Vacating a Board order adopting an Administrative Law Judge’s decision holding that an employer violated Sections 8(a)(1) and (5) of the National Labor Relations Act by ceasing to pay longevity pay under a collective bargaining agreement between the employer and the union representing its employees, the U.S. Court of Appeals for the D.C. Circuit has held that Acting General Counsel Lafe Solomon could not have lawfully delegated authority to an NLRB Regional Director to issue the underlying unfair labor practice complaint against Southwest Ambulance because Mr. Solomon, at the time, was not lawfully appointed as the Board’s Acting General Counsel. SW General, Inc. v. National Labor Relations Board, No. 14-1107, 2015 U.S. App. LEXIS 13812 (D.C. Cir. Aug. 7, 2015).

The union had filed an unfair labor practice charge against Southwest alleging Southwest unlawfully (under the NLRA) had unilaterally discontinued paying longevity payments called for under the parties’ collective bargaining agreement. Pursuant to a delegation of authority from Mr. Solomon, an NLRB Regional Director issued an unfair labor practice complaint against Southwest. An NLRB Administrative Law Judge found that Southwest’s unilateral action was unlawful. Southwest appealed to the Board. It alleged, as one of its exceptions to the ALJ’s decision, that Mr. Solomon was serving as Acting General Counsel in violation of the Federal Vacancies Reform Act when the complaint issued.

President Barack Obama appointed Mr. Solomon to the position of Acting General Counsel pursuant to the FVRA on June 21, 2010. On January 5, 2011 and May 24, 2013, President Obama submitted and resubmitted Solomon’s nomination to be General Counsel. Solomon’s nomination ultimately was withdrawn and Richard Griffin became General Counsel on November 5, 2013.

Southwest argued that, under the FVRA, Solomon could not serve as Acting General Counsel once President Obama nominated him (in January, 2011) to be General Counsel.

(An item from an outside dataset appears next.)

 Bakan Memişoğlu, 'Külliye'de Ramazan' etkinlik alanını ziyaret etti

Southwest noted that the FVRA prohibited Solomon from serving both as Acting General Counsel and the “permanent nominee” unless Solomon previously served as the “first assistant” to the General Counsel for 90 of the previous 365 days or he was confirmed by the Senate to be the first assistant. According to Southwest, because Mr. Solomon did not serve as the first assistant at any point during the year preceding his appointment as Acting General Counsel, his appointment was invalid. The Board nevertheless upheld the ALJ’s violation finding, and Southwest sought judicial review.

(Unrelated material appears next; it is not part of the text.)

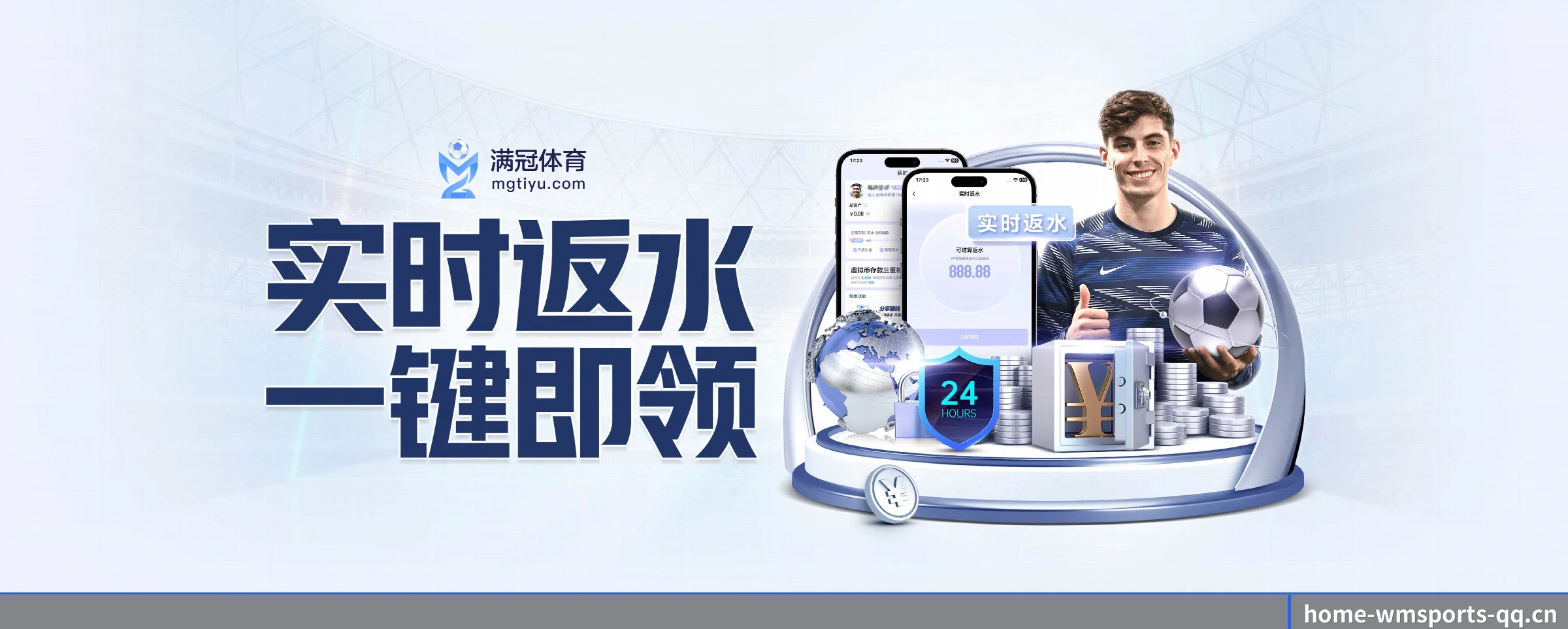 国际化进程 - wmsports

The Court agreed with Southwest, finding the FVRA prevented Mr. Solomon from serving as Acting General Counsel at the time the unfair labor practice complaint issued against Southwest. In reaching this finding, the Court explained that Mr. Solomon served in violation of the FVRA from January 5, 2011, to November 4, 2013. However, it warned that other challengers might not meet with the same success. The Court noted that “this case is not Son of Noel Canning and we do not expect it to retroactively undermine a host of NLRB decisions.” Mr. Solomon’s unlawful appointment was raised by Southwest as an exception “to the ALJ’s decision as a defense to an ongoing enforcement proceeding[,]” and therefore, the Court cautioned, it doubted whether “an employer that failed to timely raise an FVRA objection—regardless whether enforcement proceedings are ongoing or concluded—w[ould] enjoy the same success [as Southwest].”